Uma coisa é de facto seguir a evolução da pandemia com o apoio de modelos e saber
especializado, outra coisa bem diferente é segui-lo com o recurso a um acompanhamento
elementar de curvas, diagramas e indicadores. É deste último modo que tenho
acompanhado, sem angústia, o evoluir da situação. E sem angústia porque tenho a
convicção de que ao contrário do que por vezes nos sucede, não reagimos tarde
ou pelo menos tarde demais. A metáfora utilizada pela Maria Manuel Mota na entrevista
ao El Español de que Portugal é a última paragem do metro europeu parece
que desta vez jogou a nosso favor e os dramas observados nas paragens
anteriores da Itália e da Espanha tiveram eco. Também eu me apercebi que a
probabilidade de estarmos num planalto, em que as taxas de crescimento do
número de infetados são relativamente constantes em torno de um valor médio não
muito alto, era elevada. A questão dos picos é mais sofisticada e deve ser
deixada aos especialistas. Mas picos de quê? Haverá pelo menos dois tipos de picos,
o de infetados e o de mortes. Para a quietude dos nossos nervos, é importante
saber que existe um “lag” temporal entre uns e outros, ou seja regra
geral, o pico mais ou menos achatado de mortes atinge-se depois do que o que respeita
ao número de infetados. E há ainda o outro indicador mais sofisticado, o
famigerado Ro que mede o número médio de contágios que um infetado tende a
gerar fruto da interação social. Os especialistas dizem que está a diminuir
acentuadamente e alguns indicam até que pode ser já neste momento inferior a 1.

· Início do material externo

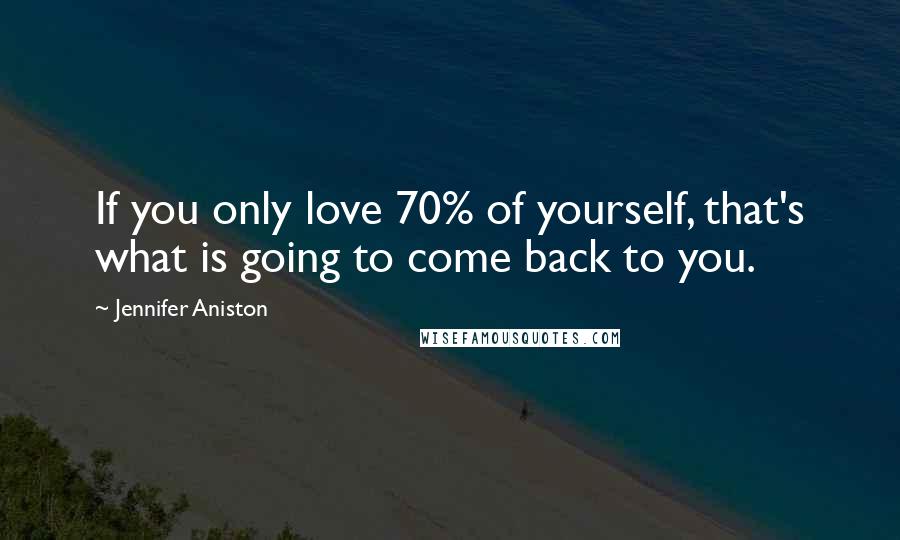 Jennifer Aniston Quotes: If you only love 70% of yourself, that's what is going to come back to you.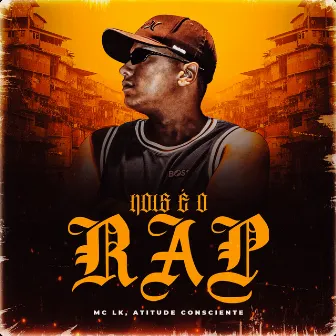 Nois é o Rap by Mc LK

Ou seja, o confinamento e a forte restrição da interação social estão a
funcionar e a serem eficazes. E essa parece ser a grande evidência da comparação
a nível mundial. Os países que a praticaram no tempo certo são os que apresentam
melhores indicadores. Temos mesmo a evidência de que os países que as aplicaram
com mais intensidade chegam a mesmo a avançar na eliminação do problema e não
apenas na sua contenção ou mitigação. A última evidência dessa certeza é a Nova
Zelândia, bem retratada aqui no Washington Post .
O
período em que a desaceleração do crescimento do número de infetados acontece
até serem atingidas taxas de crescimento negativas, isto é, até descer o número
absoluto de infetados é provavelmente o mais desafiador em termos de governança
e de regulação do comportamento social. Porquê? Pela simples razão de que
quanto mais eficaz e mais rápida na produção de efeitos for a estratégia de
confinamento maior é a massa de população que estará, em princípio, imunizada
face ao regresso do vírus. E surgem as dúvidas. Primeiro, não existe ainda
certeza científica inabalável de que à infeção sucede necessariamente a
imunidade. Segundo, quanto menos teste forem realizados, mais desconhecemos a
massa real de população que se terá tornado imune ainda que sem registo de
infeção. Outras dúvidas existem, por exemplo a da questão da possível
contaminação por partículas de aerossol existentes no ar fruto da própria
atividade respiratória.
Por isso a palavra dos especialistas acima
indicados foi de grande sensatez. A fase mais difícil é a da flexibilização do
confinamento, sobretudo no contexto de incerteza quanto ao número de pessoas
com imunidade ou sem imunidade ao vírus. Em contexto de novidade, vamos entrar
num outro período de incertezas em que a comparação entre diferentes
estratégias de flexibilização será fundamental.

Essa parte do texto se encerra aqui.